After collecting the required data, we visualized the spreadsheets with the help of the
DensityDesign Team using the
RawGraphs software (figure 3). We have chosen to integrate both the permissions and SDK Types into a single alluvial diagram. In this way, one can immediately see how one CMA is connected to the different permissions and the SDK Types. The diagram is color-coded per CMA, to create unity on both sides of the visualisation. The permissions and SDK Types are ranked according to their total count of appearances.
Stage II: the Fitbit ecosystem
To gain a better understanding of the Fitbit ecosystem, we have analyzed the permissions specific to the ecosystem, the Fitbit APIs open to developers and sensors used by Fitbit wristbands and thus the infrastructure(s) behind this specific fitness-tracker. With infrastructure we mean various software solutions which enable the communication between the app, the phone and the wearable using Fitbit as a case study. Our method of this stage can be found in figure 2.
The data for this stage have been collected from the development documents that Fitbit offers on
https://dev.fitbit.com/build/guides/ and
https://dev.fitbit.com/build/reference/. From the guide we noted the permissions that developers can work with to get access to data captured by the Fitbit device (the wristband) or the companion (the Fitbit CMA). The specific APIs that work with each permission was also noted. In some occasions, the document also referenced which sensor was available with that specific permission. If this was the case, we noted it. Lastly, we coded each API whether it was for the device or companion. The output of this undertaking can be found in table 8 in the appendix.

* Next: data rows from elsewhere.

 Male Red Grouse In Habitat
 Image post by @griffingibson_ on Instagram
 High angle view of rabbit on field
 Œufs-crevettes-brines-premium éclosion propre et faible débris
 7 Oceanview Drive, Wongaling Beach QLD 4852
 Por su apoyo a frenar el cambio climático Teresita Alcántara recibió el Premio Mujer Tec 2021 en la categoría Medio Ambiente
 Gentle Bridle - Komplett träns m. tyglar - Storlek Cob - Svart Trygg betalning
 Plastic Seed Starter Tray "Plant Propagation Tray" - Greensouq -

Having collected the data regarding the permissions, APIs and sensors, we have visualized the flow of connections within the Fitbit device and between the device and CMA in an alluvial diagram. This follows the approach of Weltevrede and Jansen (2019) where the apps are not seen as a single object of study but “as mediators of visible and invisible data relationships”. From left to right, it starts with the Fitbit device, the sensors that are used, the permissions that are required for the sensors, the APIs that connect to the permissions and, finally, whether the API is specific to the device or the companion. Following the diagram, we can see that in order to read the Heart Rate sensor, developers need to use the device-specific API ‘Device.Heart-rate’ that needs the Heart Rate permission to be accepted by the user.
Findings
RQ 1: How do companion mobile apps (CMAs) manage the infrastructure of intimate user data?
Permissions
The use of permissions across the sample appears to be quite similar. The mean average of permissions per CMA is 26 (std. dev = 6,38) and the Huawei Health (42) uses the most and
TomTom (19) the least. The most used permissions (see table 2) regard the reading and writing on the device’s USB storage and analyzing the device the CMA is installed on. This includes mapping the accounts on the device, the phone status and identity (phone number, state of call, contacts on phone) and view network connections. All CMAs use these permissions. Except for Fitbit and
TomTom, who do not request access to the contacts (Fitbit,
TomTom) and identity (
TomTom).
As can be seen in table 2, most of the widely used permission require access to data that is considered as dangerous (i.e. privacy sensitive data) by Android (Android Developers, n.d.). This seems to indicate that the use of ‘dangerous’ data is widely practiced among CMAs. This raises questions regarding the use of intimate data by apps that users are required to download when they want to use the hardware they purchased.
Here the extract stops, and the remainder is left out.